• ASSIGNMENT:
Within the listing below, show every line that contains the word "black".

• EXTRACTED RECORDS:
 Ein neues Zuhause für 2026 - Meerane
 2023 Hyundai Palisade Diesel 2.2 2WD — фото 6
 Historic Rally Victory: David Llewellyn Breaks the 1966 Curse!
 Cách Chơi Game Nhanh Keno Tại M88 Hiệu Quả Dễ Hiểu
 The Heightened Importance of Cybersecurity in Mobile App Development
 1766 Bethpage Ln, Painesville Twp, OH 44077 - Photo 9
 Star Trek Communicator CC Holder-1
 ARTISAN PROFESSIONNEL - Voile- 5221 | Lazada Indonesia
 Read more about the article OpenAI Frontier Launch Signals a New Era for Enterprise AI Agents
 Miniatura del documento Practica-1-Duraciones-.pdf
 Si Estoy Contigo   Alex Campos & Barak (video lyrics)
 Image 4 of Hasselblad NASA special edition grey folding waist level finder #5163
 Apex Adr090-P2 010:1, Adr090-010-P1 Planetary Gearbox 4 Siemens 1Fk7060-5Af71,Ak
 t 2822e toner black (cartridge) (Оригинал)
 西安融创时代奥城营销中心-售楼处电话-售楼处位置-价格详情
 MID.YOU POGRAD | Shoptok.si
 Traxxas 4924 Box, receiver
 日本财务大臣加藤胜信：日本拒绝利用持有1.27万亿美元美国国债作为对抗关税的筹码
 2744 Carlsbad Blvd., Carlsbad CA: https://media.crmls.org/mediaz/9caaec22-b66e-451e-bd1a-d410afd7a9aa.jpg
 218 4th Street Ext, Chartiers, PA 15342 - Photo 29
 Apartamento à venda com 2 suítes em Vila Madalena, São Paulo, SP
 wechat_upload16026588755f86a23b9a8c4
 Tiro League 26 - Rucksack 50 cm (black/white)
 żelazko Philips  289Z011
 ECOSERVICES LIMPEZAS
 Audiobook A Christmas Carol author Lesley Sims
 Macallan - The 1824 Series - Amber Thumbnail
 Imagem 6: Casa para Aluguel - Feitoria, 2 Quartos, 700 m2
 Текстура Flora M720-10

• WRITTEN ANSWER:
 t 2822e toner black (cartridge) (Оригинал)
 Tiro League 26 - Rucksack 50 cm (black/white)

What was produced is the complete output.